▶ _Description of the task_:
Exactly as written, print every line of the listing below and omit its pictures.

▶ _Supplied data_:
== Segment start ==
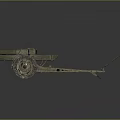 Antique Military Weapon Field Artillery Gun with Wheels and Rusty Barrel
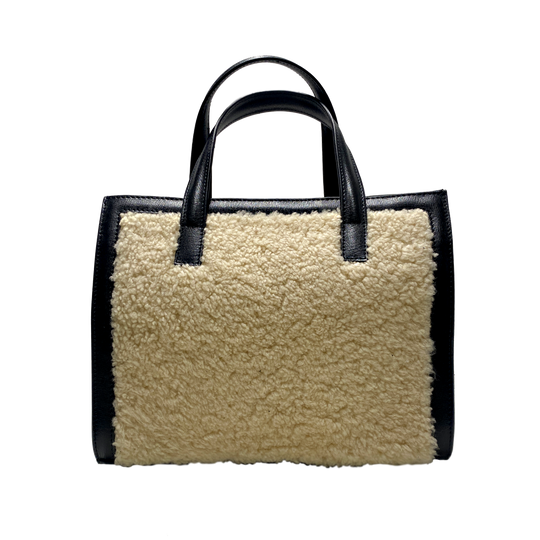 Sophie white shearling, black leather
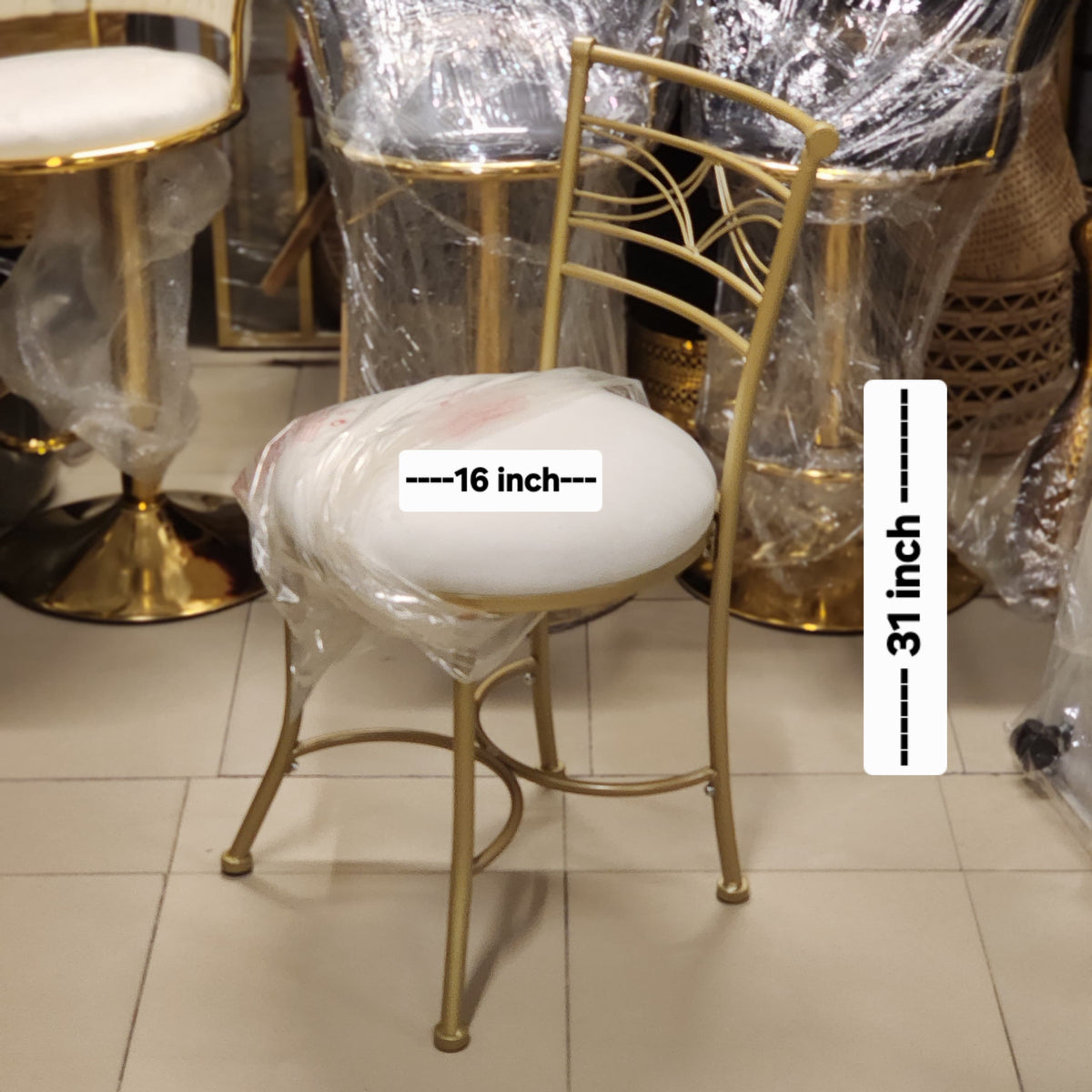 Gold Metal High-Back Bar Stool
== Segment end ==
▶ _Exercise solution_:
 Antique Military Weapon Field Artillery Gun with Wheels and Rusty Barrel
 Sophie white shearling, black leather
 Gold Metal High-Back Bar Stool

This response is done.